Today was her funeral, and hundreds, if not thousands, of 3 Dayers wore pearls in her honor. Lacking that, I wore my pink 3 Day t-shirt. I don't pretend it makes any difference; no one who saw me had a clue why. I don't think I even mentioned why to the Spouse Thingy. And I didn't do it for all the reasons one might suppose.

While it was in honor of Bridget and her fight, it was also for her mother, whose child didn't get to hit the milestone mine did.

I am so, so grateful that I have my son, and that he took that leap. I know Bridget's mother--even though I've never spoken to her nor is it likely I ever will--is deeply proud of her, as much as I am of the Boy.

We both raised good people. How could she not be proud?

By now, Bridget Spence has been laid to rest, but she's still very much on everyone's mind. And she will be tomorrow, and the day after.

We promised her we would not forget her.


Angel, Kirby and Max said...

I understand living with your child's decisions. Mine started making terrifying life decision at 20 when he joined the Army. I was proud and terrified at the same time. Having read my Dad's account of war, how could I sleep at night. Now 20 years later, he is still in the Army, has gone to war zones twice and we all survived. My sister has lost two sons (step sons, but she raised them) both before their 30th birthday. I know the sadness of losing a child to cancer (one nephew). It takes a lot to let our children grow up and follow their own path, even if it means loosing them on their own terms.

Just Ducky said...

All leaky eyed here. I guess I won't wear my pearls about thinking of her in the future.
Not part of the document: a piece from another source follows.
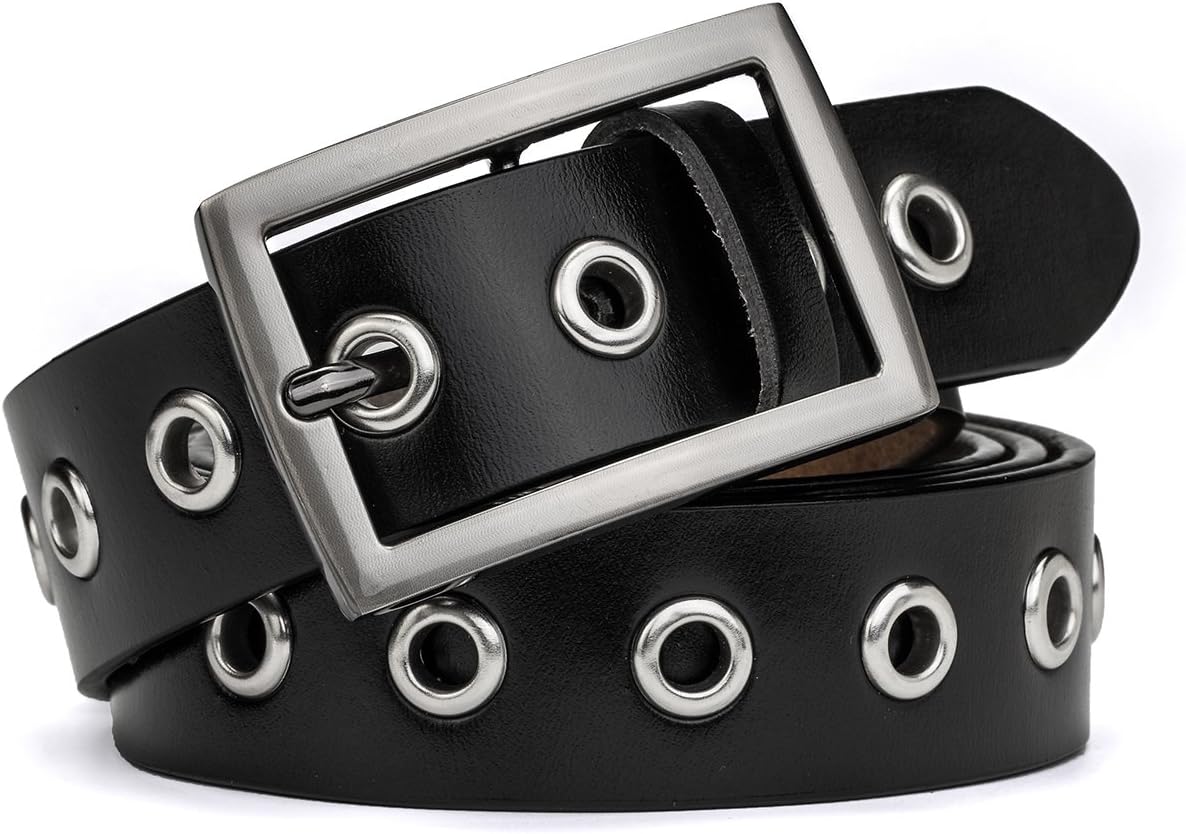 Leather Belt for Women Girls Waist Belt Alloy Buckle 1.1 Inches Width Adjustable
She had an impact on a lot of lives over the past years. Some are blessed with many years to make the same impact she had in just a few.

Shaggy and Scout said...

I followed your link when you originally posted it. She was such an amazing, inspirational woman.

Mark's Mews (Ayla, Marley, and Laz) said...

Hey Thumper - I understand without being exactly in the same situations. I had a childhood friend who slowly died of MS. In his last days we played Monopoly mostly by me setting up hotels and pieces and telling him stories about them.

I had a girlfriend once who parachuted once, so I bought her a ride on a glider (and she was thrilled). I told her I couldn't watch her do it myself (fear of heights and being VERY firmly planted on the ground). But when I really wouldn't go watch the flight, we broke up.

So I kinna understand.

So also, thank you for your comment about me and Dad. Dad is healthy for a 90 year old. He could live for years. But he will always be =this= close to dying any day. It could be tomorrow; it could be in 5 years.

There will be a sigh of relief in the family, because Dad struggles through each day, and I don't plan to feel any great guilt. No one lives forever...

But I thank you SO much for the support. I needed that just now.